A specific (working?) related-key attack on AES!

For this answer I changed the notation a bit:

  • AES-DEC(K,P) got converted to $D_K(P)$
  • derived_key_X got converted to $DK_X$
  • seed (which is known) got converted to $S_K$
  • chosen_seed got converted to $S_C$
  • temp_key got converted to $K_T$

Now the answer:

AES by itself is immune to related key attacks to a great extent (there are some attacks but I think they require at least four related keys and I'd doubt the relations would be that complex).

So for an attacker to uncover $DK_1=D_K(S_K)$ he'd need to know $K$. There's no other way in doing this.
Now you're asking if knowing $DK_2=D_{D_K(S_C)}(S_K)$ does help.
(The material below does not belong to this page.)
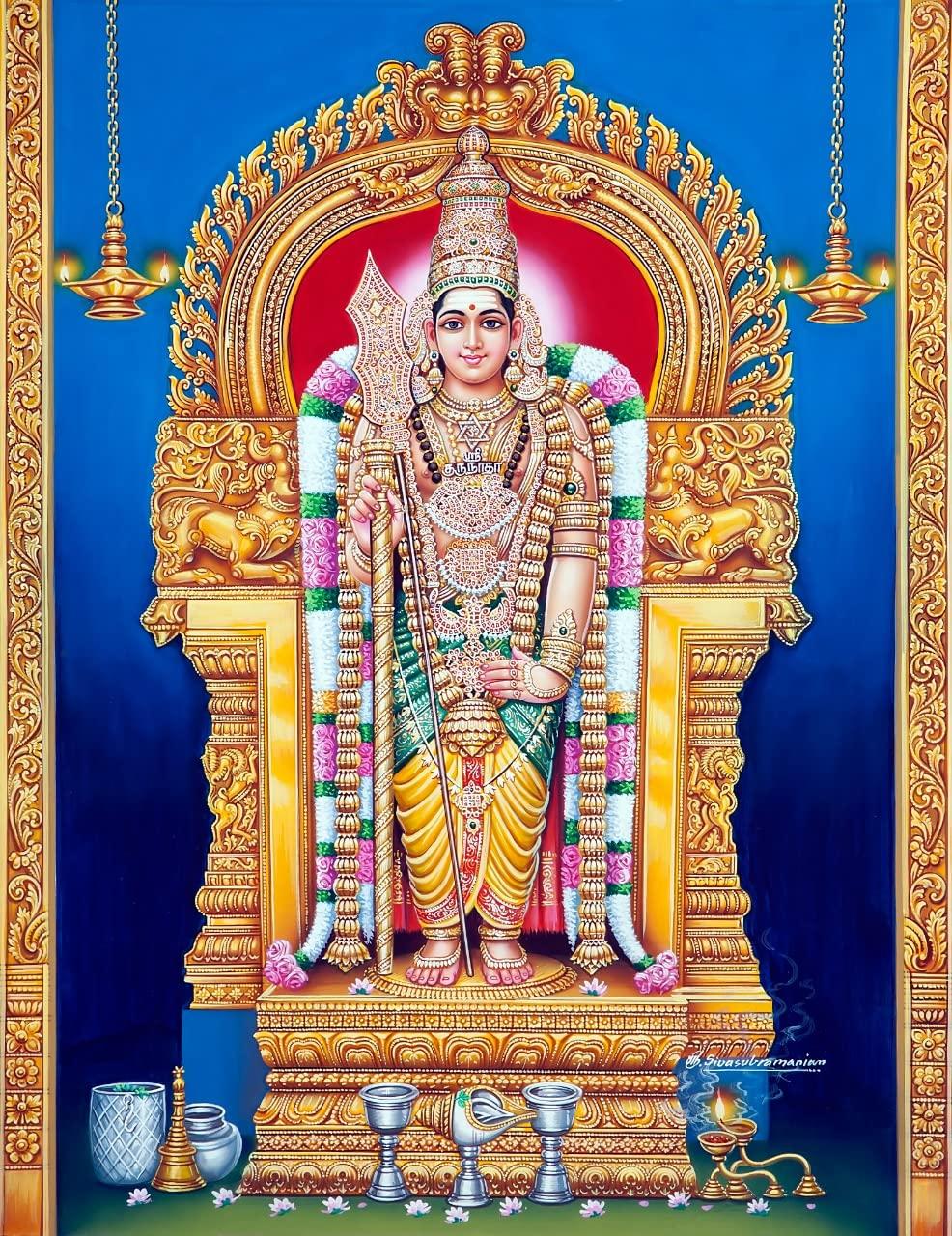 986x1280 Arupadai Murugan Photo. Swamimalai Murugan photo frame. God Photo Frames of Murugan. Best God Photo of Murugan. Arupadai Veedu Murugan Art Gallery (12 * 18) : Sivasubramanian: Amazon.in: Home & Kitchen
Let's de-construct this. An attacker can choose $S_C$ to be decrypted to $K_T=D_K(S_C)$, in order to learn $K_T$ he'd need to get K which is infeasible for AES. Now as the attacker has no chance to know $K_T$ there's the question left if $DK_2=D_{K_T}(S_K)$ does help him anyhow. He can't deduce $K_T$ from this equation as this would be a known-plaintext attack, which is infeasible on AES. The final question is if there're some strange relationships that may help the attacker in uncovering $K$ and hence $DK_1$.

No, he'd be (maybe) able to brute-force by trying out every possible $S_C$ until $K_T=D_K(S_C)=K$ which is extremely unlikely, as he could as well just brute force the normal key as he has no control over the value of $K_T$.

I hope this answers your question.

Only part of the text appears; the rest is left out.